Em parceria com a esposa Luzimar, João Henrique realiza shows beneficentes para ajudar pessoas doentes ou que estão enfrentando grandes crises financeiras. “Também fazemos parte do grupo ‘Doutores da Tapioca’, formado por advogados e amigos. Tudo que arrecadamos é doado”, assinala. Como palestrante, ministra cursos de oratória com duração de 15 a 20 horas, além de oficinas de empregabilidade para jovens que estão em busca do primeiro emprego.

“É um trabalho que fazemos de graça e com muito prazer para entidades que não visam lucro”, afirma. Atual presidente da Associação Negritude de Promoção da Igualdade Racial de Paranavaí (Anpir), João Henrique está se empenhando em firmar parcerias para a realização de oficinas de percussão na periferia de Paranavaí. O objetivo é ensinar crianças e adolescentes a produzirem e a tocarem os instrumentos.

O retorno ao punk-rock

Atualmente João Henrique Andrade tem uma grande parceria com o poeta e letrista João Zaia, de Prudentópolis, no sudeste paranaense, com quem já produziu mais de dez composições. “Hoje o que mais me inspira são as coisas do coração e da vida. O ódio generalizado, o poder da grande mídia e a mudança de temperamento das pessoas na internet também me estimulam a escrever e fazer o bem”, admite.

Atualmente o músico se apresenta com amigos (Foto: Acervo Pessoal)

Atualmente o músico se apresenta com amigos (Foto: Acervo Pessoal)

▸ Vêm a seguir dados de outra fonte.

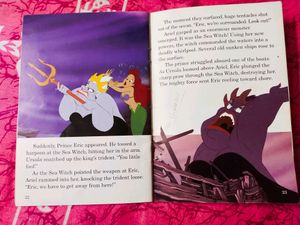 Set Of 2 Disney Princess Books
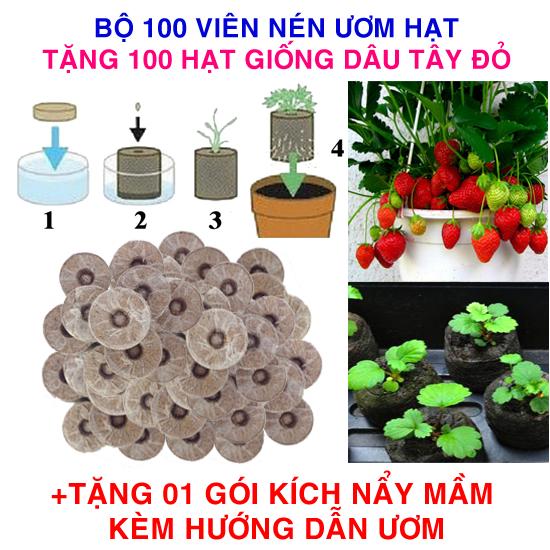 Bộ 100 viên nén ươm hạt (tặng 100 Hạt giống Dâu tây đỏ + Kích thích nẩy mầm, Hướng dẫn)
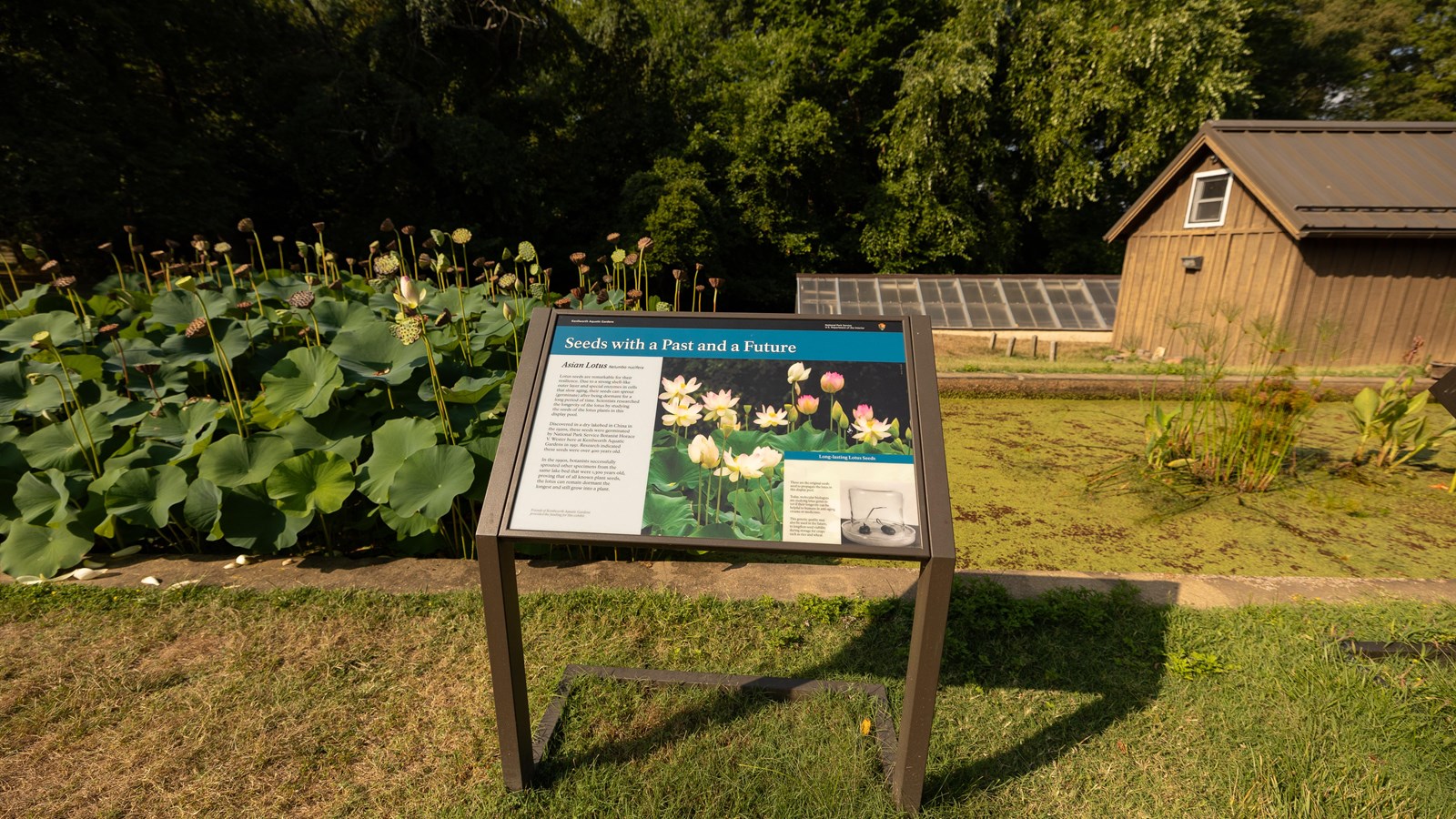 A information panel in front of a small pool and brown house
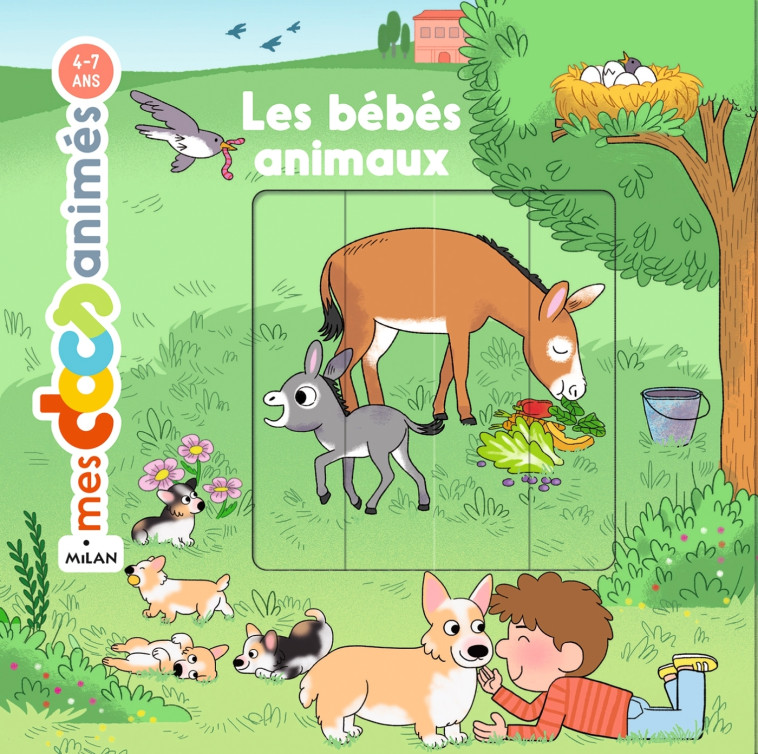 Les bébés animaux -  Anne Morel - MILAN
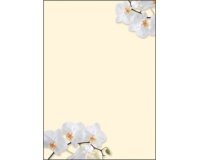 Papier à motif, A4, 90 g/m2, motif 'White Orchid'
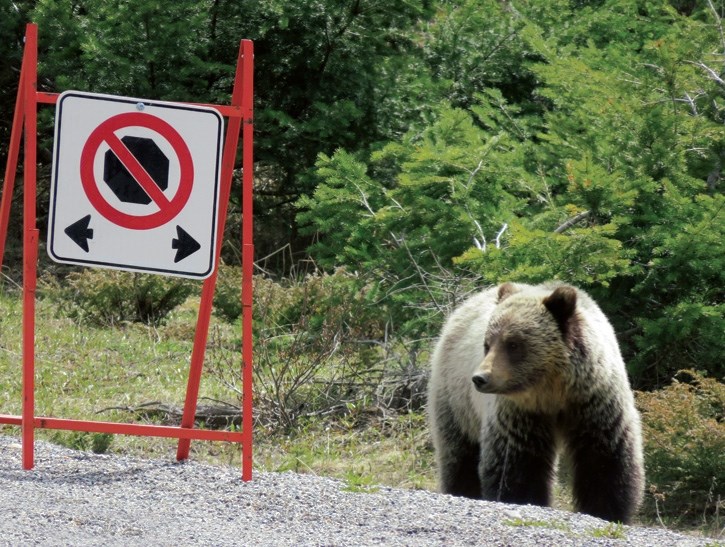 Banff National Park staff deal with multiple bear-related incidents over the weekend. Motorists along Highway 93 South are subject to a no stopping zone currently due to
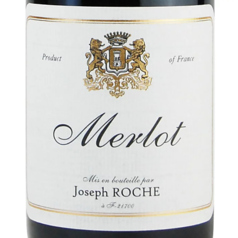 ジョセフ・ロッシュ　メルロー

Andrade começou a gostar de música ouvindo Secos & Molhados e os britânicos do Queen. Mais tarde, quando conheceu a banda inglesa The Smiths se redescobriu musicalmente, principalmente pela complexidade lírica do pós-punk. “Aquele estilo deprê do Morrissey logo chamou a minha atenção. Foi a minha banda preferida por muito tempo. Também curti bastante O Terço, uma banda carioca das antigas que chamam de lado B, alternativo”, frisa e ressalta que até hoje curte clássicos do punk-rock como Sex Pistols, Dead Kennedys, Ramones, The Clash, Misfits e Black Flag.

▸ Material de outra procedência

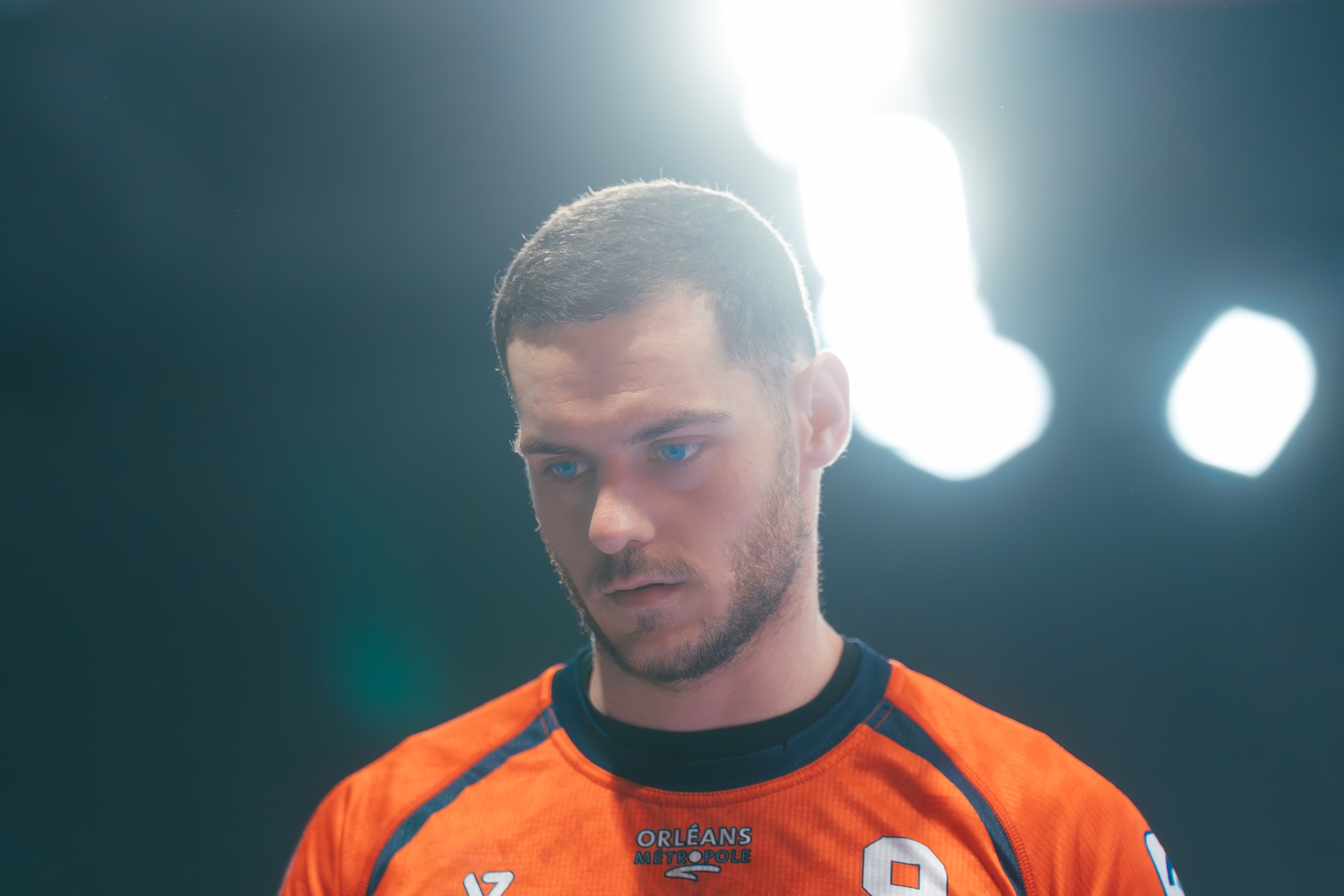 DSC00252.jpg_compressed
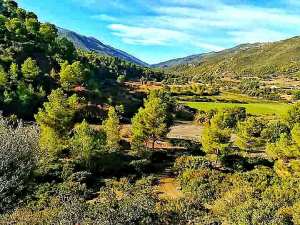 Dz hikers : randonnée vers la Mitidja barrage bouroumi
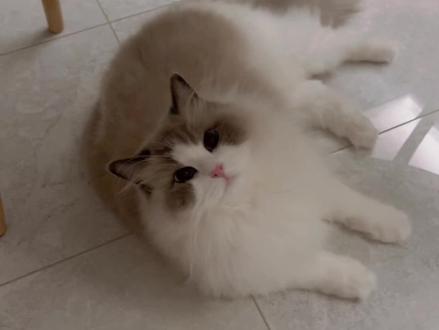 生活就像小猫拔牙 痛 却无法自拔>_<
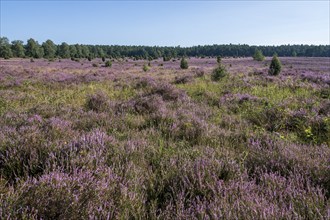 Heath landscape, flowering common heather (Calluna vulgaris), blue sky, Lüneburg Heath, Lower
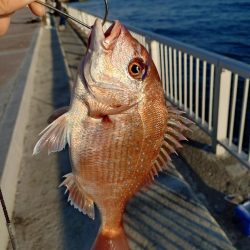 久しぶりのカゴ釣り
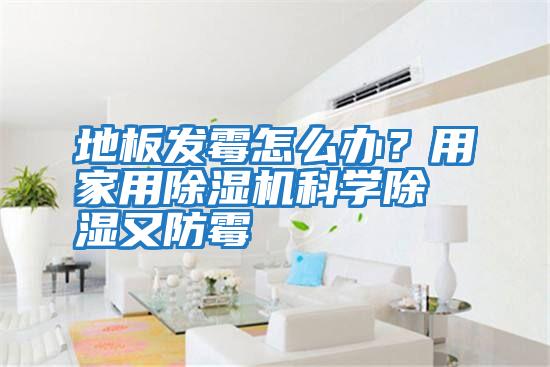 地板發(fā)霉怎么辦?用家用除濕機科學(xué)除濕又防霉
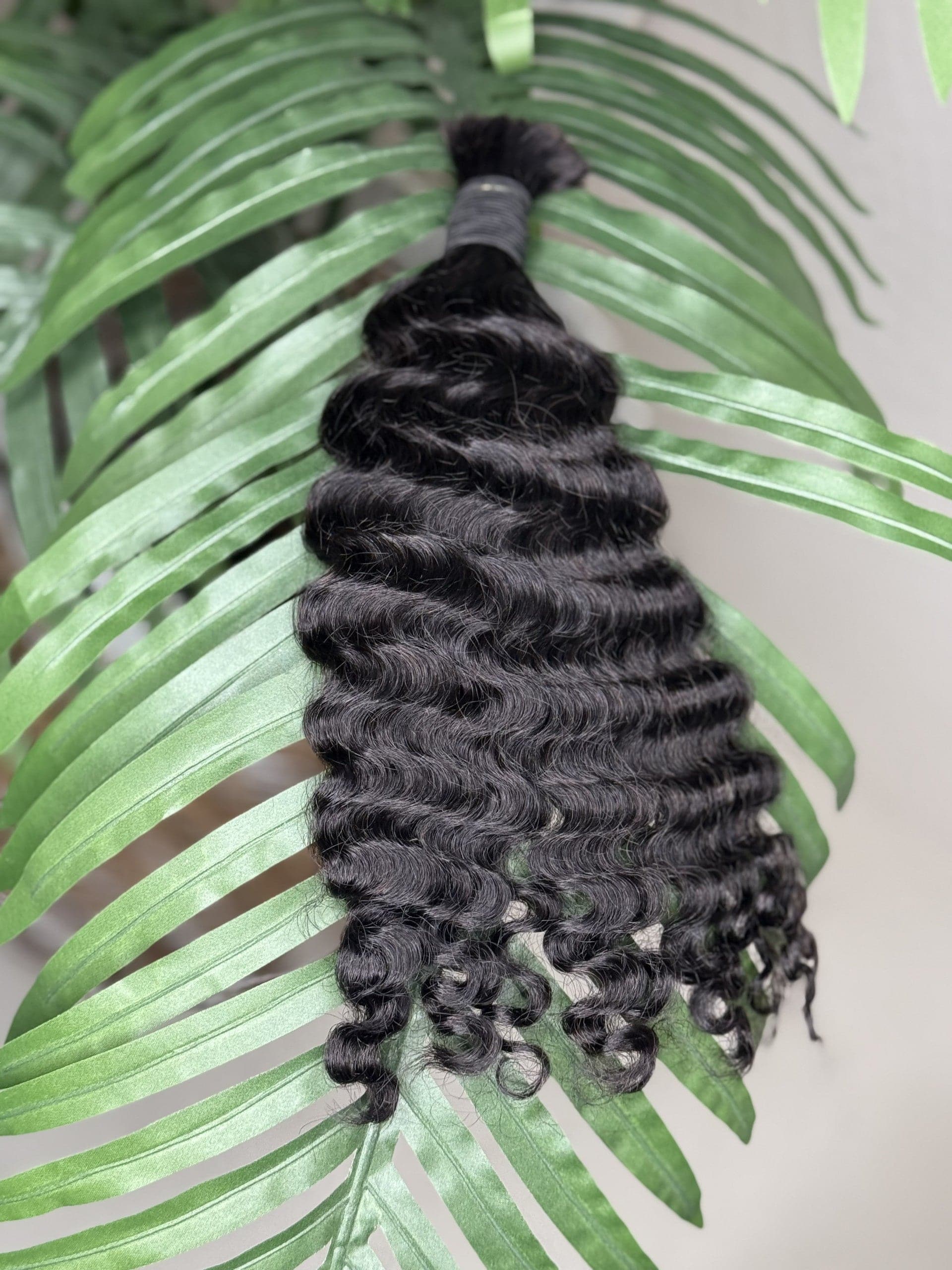 Burmese Curly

Relembrando os velhos tempos, recentemente João Henrique localizou o radialista Williard que produzia o programa Jardim Elétrico em João Pessoa, na Paraíba. “Aquele cara que deu tanta força pro movimento punk continua trabalhando com música e também se tornou filósofo. Conversamos muito sobre aquele período”, destaca.

Com a experiência de quem vive em Paranavaí há 18 anos, avalia o movimento musical local como maravilhoso. “Temos o grande Festival de Música e Poesia de Paranavaí [Femup], além de um movimento em ascensão capitaneado pelo Hugo Ubaldo da banda Sub-Versão e o Quintal Mágico, projeto do multiartista Sérgio Torrente que abre espaço para músicas autorais. Outro ponto alto é o Estúdio Garagem, dos irmãos Bellanda. Temos muita coisa coletiva e legal”, argumenta.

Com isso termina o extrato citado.